● **WORK TASK**
Starting with the line that contains "ABC Pediatrics - Our", repeat exactly every line through the last one in the records below, and leave out the pictures.

Top of STUDY MATERIAL

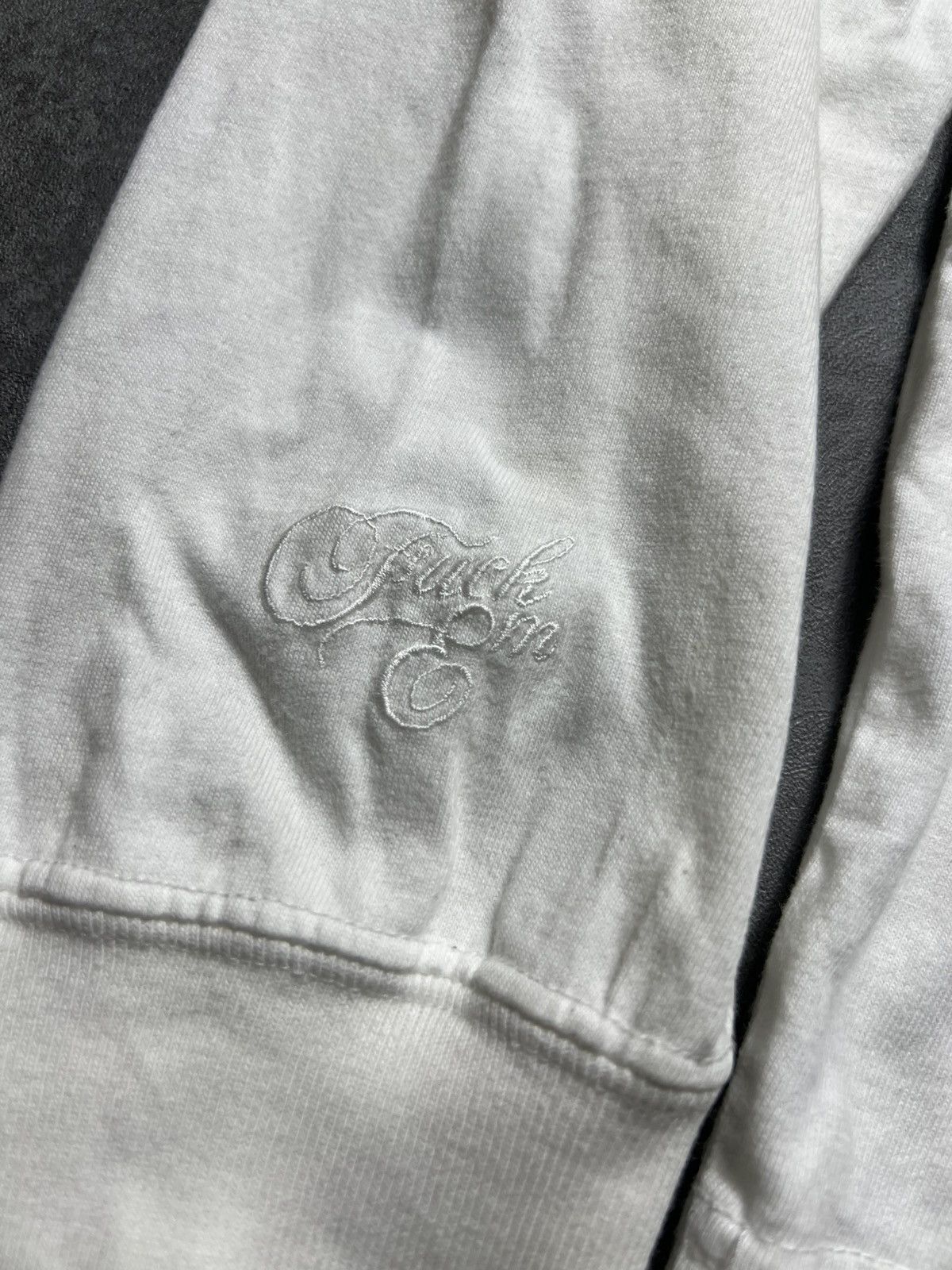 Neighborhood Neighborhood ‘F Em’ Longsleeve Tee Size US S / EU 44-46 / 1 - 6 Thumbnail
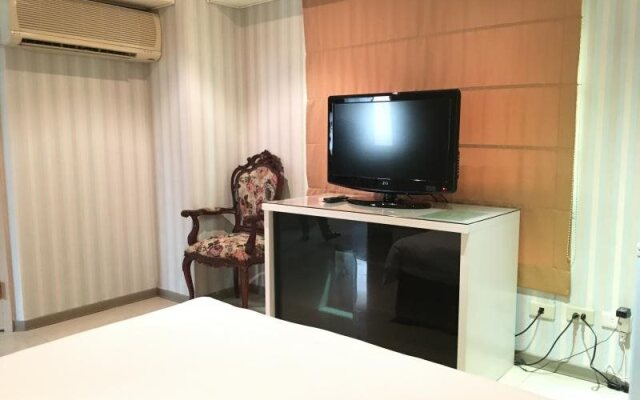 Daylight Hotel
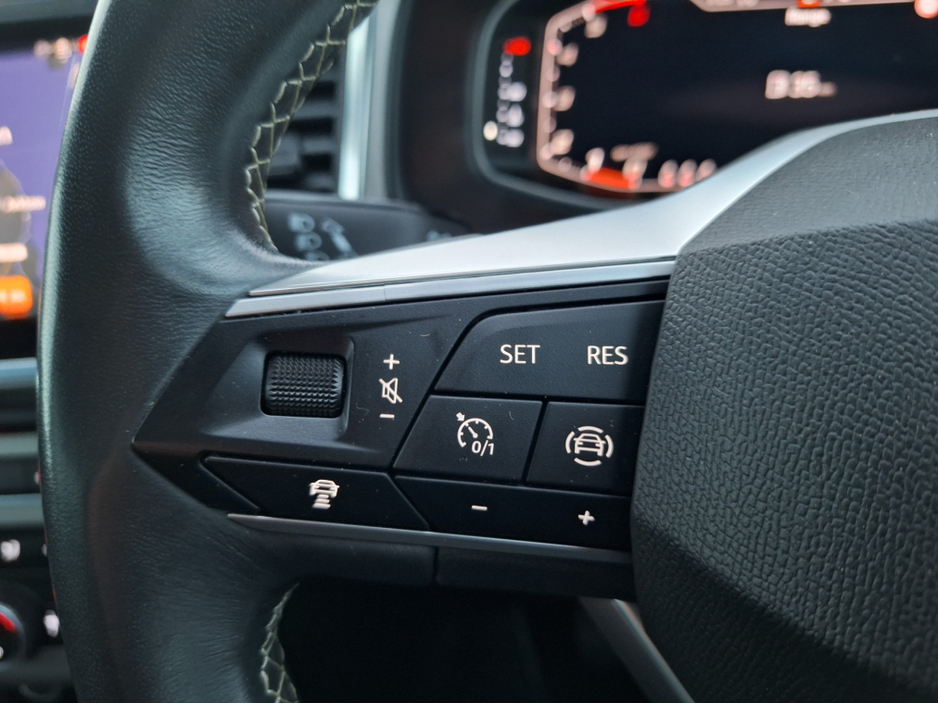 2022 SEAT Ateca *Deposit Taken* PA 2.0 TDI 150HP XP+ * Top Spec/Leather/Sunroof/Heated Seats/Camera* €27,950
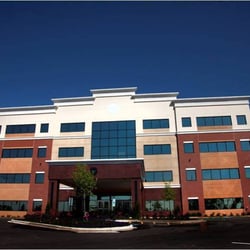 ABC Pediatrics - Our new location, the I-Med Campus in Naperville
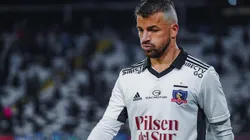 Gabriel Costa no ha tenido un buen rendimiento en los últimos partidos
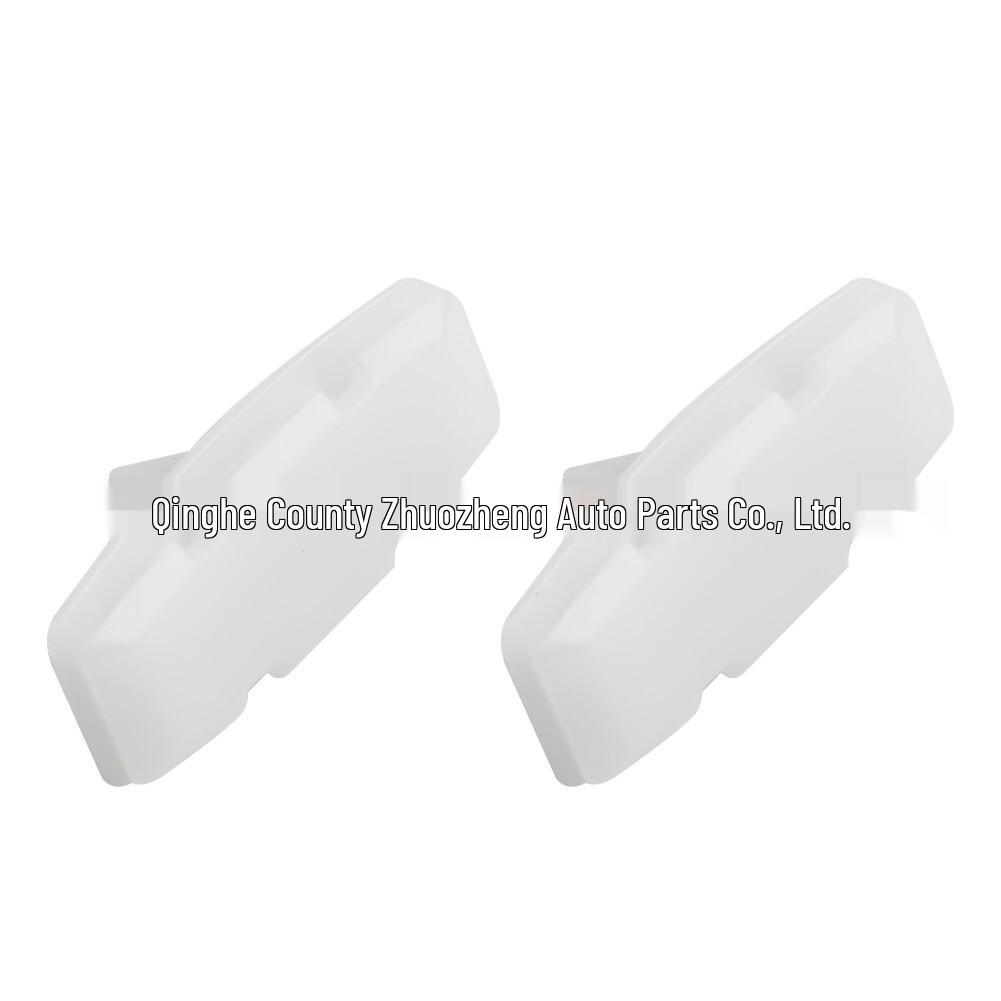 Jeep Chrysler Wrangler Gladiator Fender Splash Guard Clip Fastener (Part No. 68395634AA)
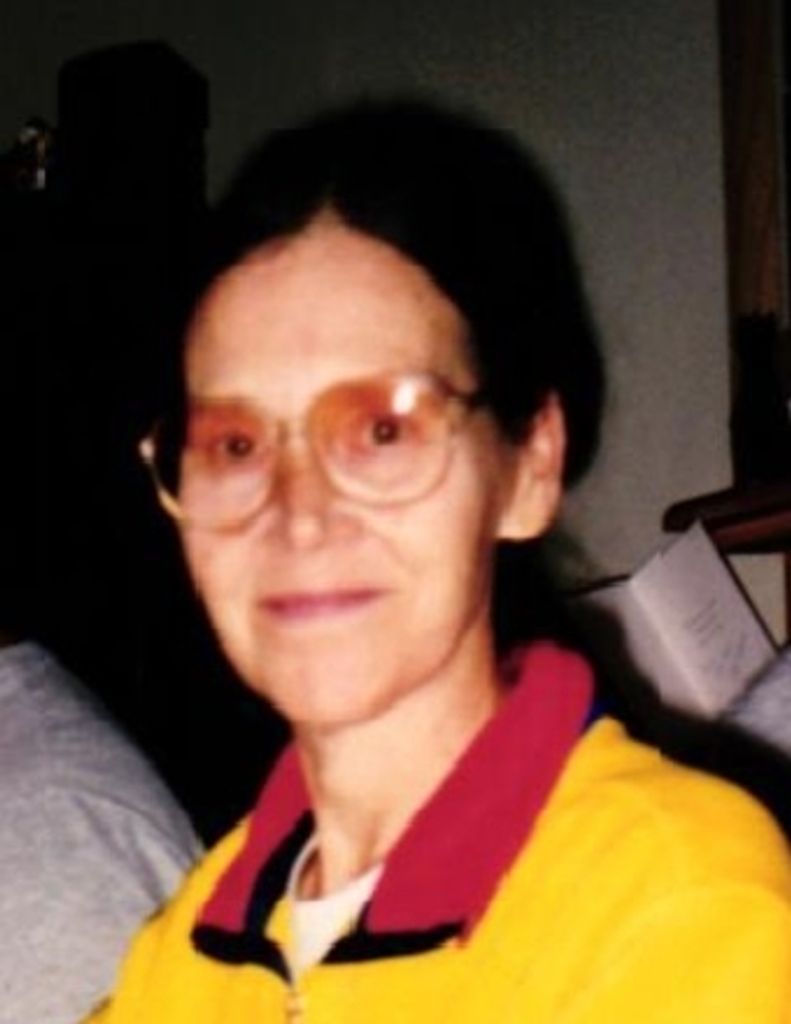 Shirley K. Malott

Bottom of STUDY MATERIAL

● **RESPONSE FOR THIS EXERCISE**
 ABC Pediatrics - Our new location, the I-Med Campus in Naperville
 Gabriel Costa no ha tenido un buen rendimiento en los últimos partidos
 Jeep Chrysler Wrangler Gladiator Fender Splash Guard Clip Fastener (Part No. 68395634AA)
 Shirley K. Malott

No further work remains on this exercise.